The strong export report was taken as supportive for prices. When prices dip to the lower end of the expected spectrum, a pick- up in export sales helps validate the “support”.

India was in the news last week. The India crop is estimated by the Cotton Advisory Board at 26 million bales compared to USDA’s most recent estimate of 24.5 million bales.

Exports are estimated at 5.5 million bales compared to only 3.5 mb estimated by USDA.

Large world and China stocks, now combined with higher than expected production and exports from India if realized, could place additional downward pressure on prices. USDA’s October estimates will be released on Thursday, Oct. 11.

USDA-AMS reports the basis for Southeast cotton 41-4/34 is currently -325 (3.25 cents under) December. Better grade 31- 3/35 is at a 300 point (3-cents) premium to that.

As harvest continues to progress and we move forward, prices may find additional weakness, but are generally expected to hold in the 70 to 75-cent area with possible weakness below 70.

Prices for the 2013 crop (Dec13 futures) are in the 76-cent area, compared to corn at around $6.25 and soybeans at around $13.25.

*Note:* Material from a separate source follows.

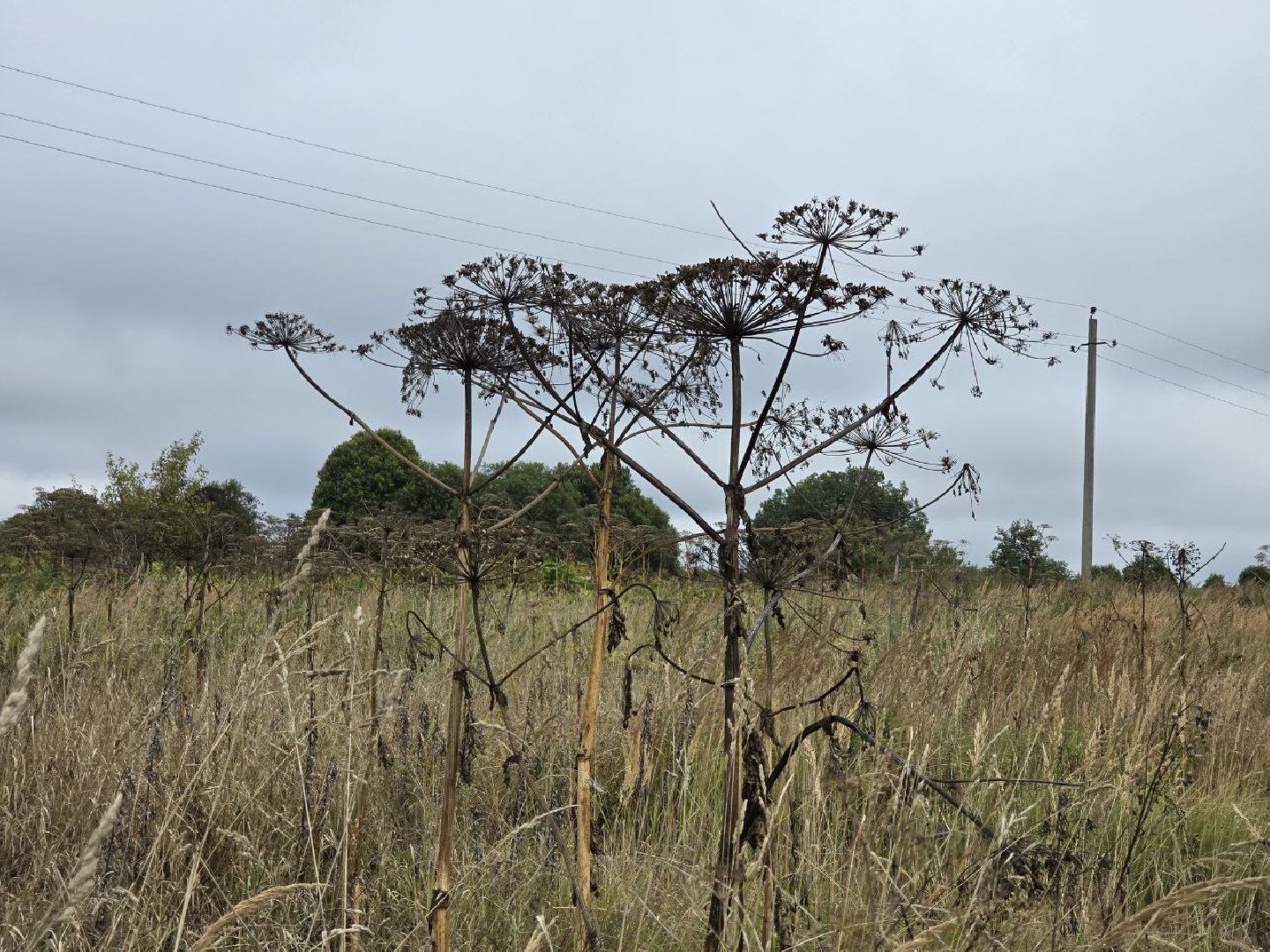 можайск, можайский муниципальный округ, подмосковье, экология, борщевик Сосновского, борьба с борщевиком,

A bumper peanut crop is expected and may drive peanut prices and contracts down considerably compared to this year. This may reduce the acreage battle to one between cotton and corn in states with significant peanut acreage.

I still expect cotton prices (old crop and new crop) to improve into winter and spring in order to be competitive. But I don’t expect a return of prices seen last winter and spring.